#### Supplied entries
-.-.-

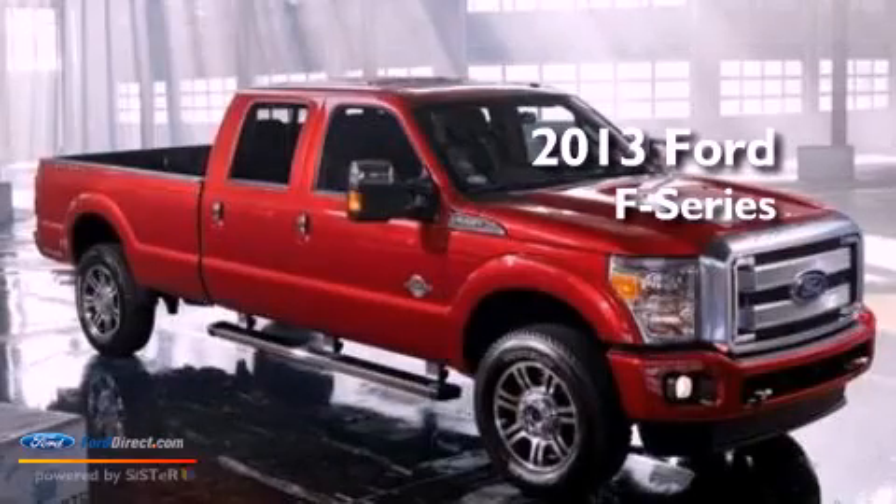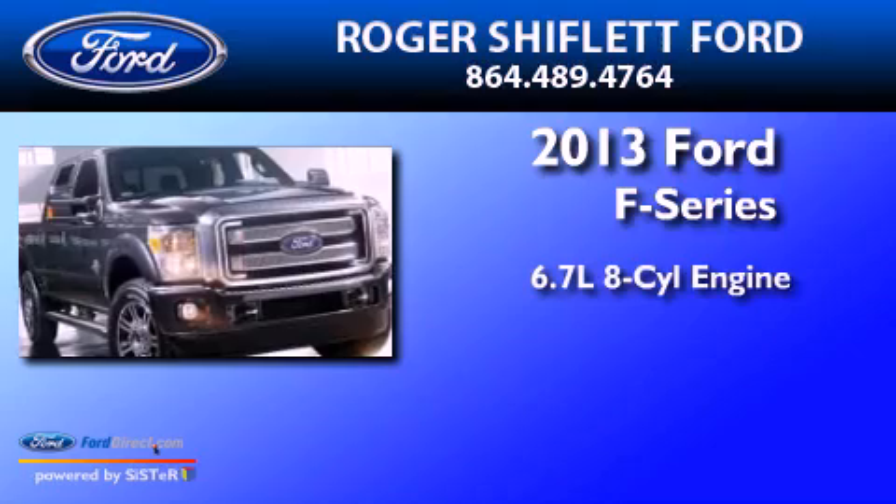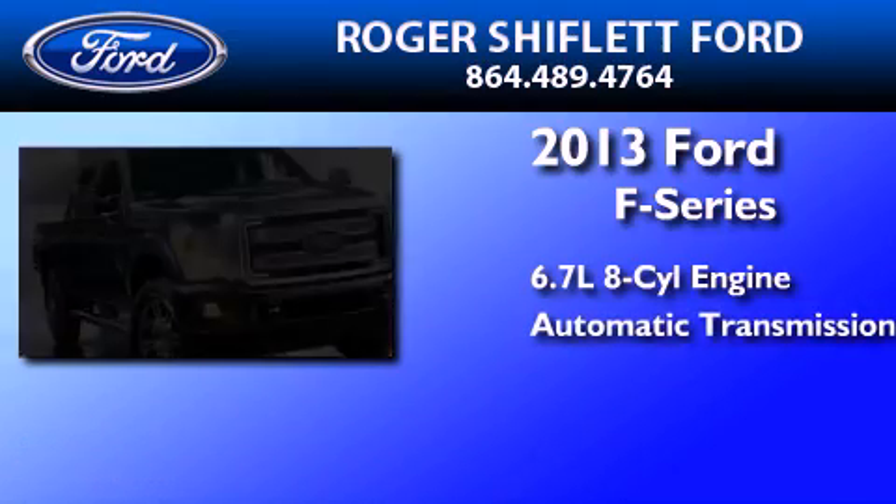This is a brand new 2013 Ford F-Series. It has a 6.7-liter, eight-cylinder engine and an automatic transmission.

-.-.-

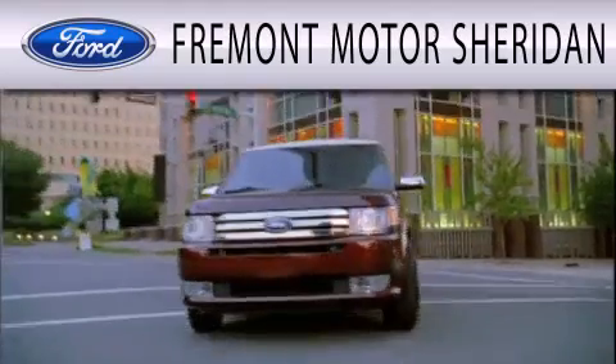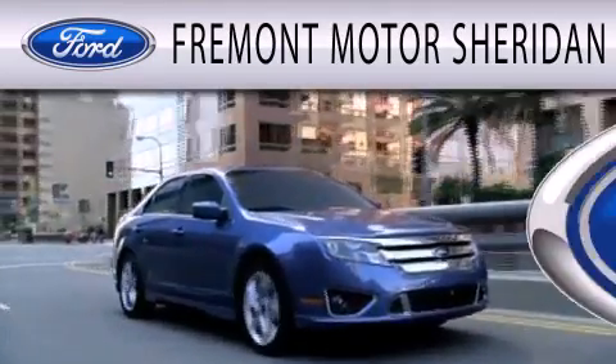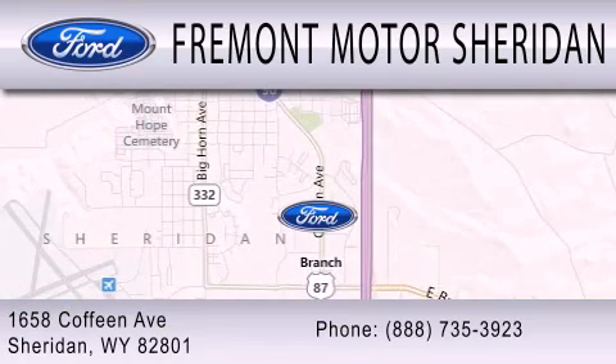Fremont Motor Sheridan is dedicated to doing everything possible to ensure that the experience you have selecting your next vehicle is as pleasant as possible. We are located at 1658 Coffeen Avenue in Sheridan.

-.-.-

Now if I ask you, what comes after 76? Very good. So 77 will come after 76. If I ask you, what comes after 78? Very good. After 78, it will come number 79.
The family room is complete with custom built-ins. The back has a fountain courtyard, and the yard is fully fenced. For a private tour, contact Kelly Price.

-.-.-

#### What you are asked to do
In the data above, which lines lie between the line with "Now if I ask" and the line with "The family room", inclusive? Print those lines exactly and nothing else.

#### Written answer
Now if I ask you, what comes after 76? Very good. So 77 will come after 76. If I ask you, what comes after 78? Very good. After 78, it will come number 79.
The family room is complete with custom built-ins. The back has a fountain courtyard, and the yard is fully fenced. For a private tour, contact Kelly Price.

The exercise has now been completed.